Nepal prosi inne kraje o pomoc w ewakuacji swoich obywateli z Kabulu
Rząd Nepalu zaapelował w niedzielę do ambasad obcych państw o ewakuowanie z Afganistanu około 1500 obywateli nepalskich. Nepal nie ma w Kabulu swojej ambasady. Wielu jego obywateli pracuje zaś w Afganistanie, ochraniając placówki dyplomatyczne innych krajów.
MSZ Nepalu powiadomiło, że zwróciło się do ambasad z oficjalną prośbą o pomoc. Rząd powołał też komisję, która ma ustalić, ilu dokładnie Nepalczyków pracuje w Kabulu i innych miastach Afganistanu.
Tysiące mężczyzn pochodzących z Nepalu zatrudnionych jest w ochronie w dzielnicach dyplomatycznych - wyjaśnia agencja Reutera. Ludzie ci pracują przy ambasadach i międzynarodowych organizacjach charytatywnych działających w Afganistanie.
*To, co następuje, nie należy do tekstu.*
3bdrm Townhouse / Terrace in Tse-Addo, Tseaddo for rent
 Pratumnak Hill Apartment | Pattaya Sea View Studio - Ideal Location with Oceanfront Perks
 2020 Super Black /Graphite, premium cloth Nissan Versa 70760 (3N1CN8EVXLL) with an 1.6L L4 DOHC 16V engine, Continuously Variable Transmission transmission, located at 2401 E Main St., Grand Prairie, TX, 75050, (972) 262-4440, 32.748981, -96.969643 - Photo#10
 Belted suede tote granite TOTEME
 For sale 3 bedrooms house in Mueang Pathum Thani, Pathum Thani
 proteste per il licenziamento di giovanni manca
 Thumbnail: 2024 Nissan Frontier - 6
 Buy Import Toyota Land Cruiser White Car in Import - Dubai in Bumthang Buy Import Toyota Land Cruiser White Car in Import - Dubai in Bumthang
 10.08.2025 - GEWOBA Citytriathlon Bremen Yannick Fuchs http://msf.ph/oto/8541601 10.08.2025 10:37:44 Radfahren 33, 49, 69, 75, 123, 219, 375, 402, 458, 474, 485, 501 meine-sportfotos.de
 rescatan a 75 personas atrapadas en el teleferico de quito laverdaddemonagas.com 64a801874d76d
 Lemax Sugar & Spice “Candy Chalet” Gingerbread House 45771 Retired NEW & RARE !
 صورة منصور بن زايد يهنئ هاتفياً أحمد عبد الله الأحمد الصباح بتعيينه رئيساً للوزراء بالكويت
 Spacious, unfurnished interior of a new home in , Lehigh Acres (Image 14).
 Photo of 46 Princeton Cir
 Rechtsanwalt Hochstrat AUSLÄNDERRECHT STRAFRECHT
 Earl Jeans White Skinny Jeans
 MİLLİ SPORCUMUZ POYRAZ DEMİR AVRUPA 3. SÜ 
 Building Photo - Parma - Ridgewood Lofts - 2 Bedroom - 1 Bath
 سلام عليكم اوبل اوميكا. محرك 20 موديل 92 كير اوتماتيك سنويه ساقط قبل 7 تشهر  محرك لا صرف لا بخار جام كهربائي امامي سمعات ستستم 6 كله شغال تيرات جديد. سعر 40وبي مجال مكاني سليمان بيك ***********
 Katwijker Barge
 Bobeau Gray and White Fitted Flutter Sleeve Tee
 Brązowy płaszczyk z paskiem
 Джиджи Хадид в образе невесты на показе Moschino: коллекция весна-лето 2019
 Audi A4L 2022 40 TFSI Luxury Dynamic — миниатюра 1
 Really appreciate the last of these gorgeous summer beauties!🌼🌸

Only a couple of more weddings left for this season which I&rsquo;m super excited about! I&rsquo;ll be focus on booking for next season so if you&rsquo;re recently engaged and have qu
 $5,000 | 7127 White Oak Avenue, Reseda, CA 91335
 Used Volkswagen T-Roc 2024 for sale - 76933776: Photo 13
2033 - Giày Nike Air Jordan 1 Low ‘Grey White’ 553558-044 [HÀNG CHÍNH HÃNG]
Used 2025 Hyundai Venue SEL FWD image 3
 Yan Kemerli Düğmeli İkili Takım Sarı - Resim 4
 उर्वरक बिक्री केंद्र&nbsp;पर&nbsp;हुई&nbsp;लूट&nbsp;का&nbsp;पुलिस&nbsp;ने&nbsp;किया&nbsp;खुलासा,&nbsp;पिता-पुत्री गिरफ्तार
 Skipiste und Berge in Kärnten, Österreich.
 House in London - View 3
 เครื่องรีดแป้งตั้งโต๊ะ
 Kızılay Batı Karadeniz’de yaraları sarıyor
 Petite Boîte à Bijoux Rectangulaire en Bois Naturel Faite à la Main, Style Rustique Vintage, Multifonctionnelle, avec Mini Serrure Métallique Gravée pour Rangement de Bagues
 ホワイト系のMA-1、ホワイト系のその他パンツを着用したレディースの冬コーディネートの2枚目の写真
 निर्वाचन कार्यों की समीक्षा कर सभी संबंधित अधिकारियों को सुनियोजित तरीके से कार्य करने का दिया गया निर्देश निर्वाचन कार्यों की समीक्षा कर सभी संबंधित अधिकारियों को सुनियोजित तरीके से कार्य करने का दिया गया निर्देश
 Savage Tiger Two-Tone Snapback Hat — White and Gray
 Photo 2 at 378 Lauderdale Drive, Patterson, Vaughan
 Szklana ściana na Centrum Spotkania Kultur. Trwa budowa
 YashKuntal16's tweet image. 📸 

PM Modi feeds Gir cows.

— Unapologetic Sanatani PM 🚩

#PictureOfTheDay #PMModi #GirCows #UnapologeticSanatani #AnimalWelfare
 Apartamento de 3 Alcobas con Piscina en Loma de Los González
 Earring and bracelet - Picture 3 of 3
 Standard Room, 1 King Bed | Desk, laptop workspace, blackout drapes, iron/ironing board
Wcześniej w niedzielę władze USA i Francji poinformowały, że przenoszą personel swoich ambasad w Afganistanie na kabulskie lotnisko, leżące kilkanaście kilometrów od miasta.
Afgańscy talibowie w niedzielę wkroczyli do Kabulu. Wykorzystując wycofanie się międzynarodowych sił wojskowych pod wodzą USA, przejęli kontrolę nad krajem.